Arnault's career began with a hard bargain. At the age of 27, without his father's knowledge, he arranged to sell the family's construction business to the Rothschild family's Societé Nationale de Construction, then convinced his father the deal was a good idea.
He entered the fashion business almost by accident. After a brief career as a real-estate developer and a short stint in the U.S., he began shopping for a company to buy with the money he'd earned by selling his family's company. In 1984, his sights landed on the bankrupt French textile conglomerate Boussac, which happened to own the Christian Dior couture house. The French government had taken it over and was seeking to unload it. There were several bidders interested, including Louis Vuitton. But Arnault had an early edge because his first wife, Anne Dewavrin, was a cousin of the bankrupt owners, and he began by buying a stake from them. Then, with professions of his intent to maintain the company's payroll, Arnault persuaded the French government to sell him the rest.
Within five years, however, he had laid off 8,000 workers and sold off almost all of its manufacturing assets for about $500 million. The sell-off made Arnault one of the wealthiest men in France, but it won him few friends in French labor groups. (The government eventually forced him to repay about $60 million of the money it had invested in the company.)

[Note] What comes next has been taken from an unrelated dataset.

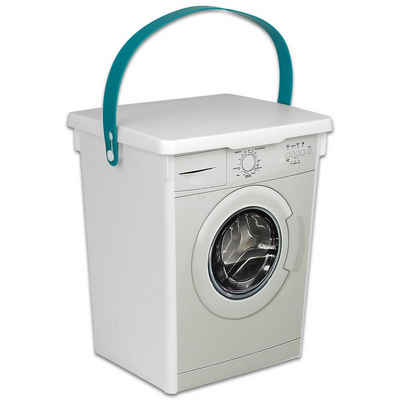 Koopman Aufbewahrungsbox Waschpulver Box 5L Waschmittelbox Kunststoff, Aufbewahrung Wäscheklammerbox Waschpulverbehälter Waschmitteldose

Arnault focused his attention on Dior, began dining at the glamorous Paris restaurant Maxim's, and quickly grew enamored of the fashion world. "What would be very interesting and rewarding for all of us," he told his aides, "would be to create the No. 1 luxury-product group in the world. Let's try to do it."
In 1988, he began to buy LVMH stock. "It's like an art collector. You buy a painting thinking in three or four years it will increase in value, and in the meantime you'll have something that pleases you," he told Women's Wear Daily. "I preferred buying up shares in LVMH rather than, say, IBM."
LVMH, one of its founders once said, was like a marriage that raced too fast to the altar. The Moët and Hennessy families had just formed the company by joining their cognac and champagne business with the Vuittons' fashion holdings. American-style takeovers were proliferating in Europe, and the families sought shelter in the clout of their combined companies.
Still fearing hostile bids, the Moët-Hennessy families suggested inviting their distribution ally Guinness to acquire a 20 percent stake in the company. The prospect spooked the Vuittons, who feared it would tip the internal balance of power. So Henry Racamier, a 75-year-old self-made steel magnate who had married into the Vuitton clan and taken charge of its business, responded by seeking backers of his own. His new investor was Bernard Arnault, who Racamier saw as a protégé.
The night after the two men met to set the timing of Arnault's investment, Arnault drove to the home of a Lazard Frères banker he knew from the Boussac deal. There he met with the leader of the Moët-Hennessy faction. Without telling Racamier, Arnault changed sides. He formed a new organization with Guinness's support to buy shares in LVMH. The venture eventually took a 37 percent stake.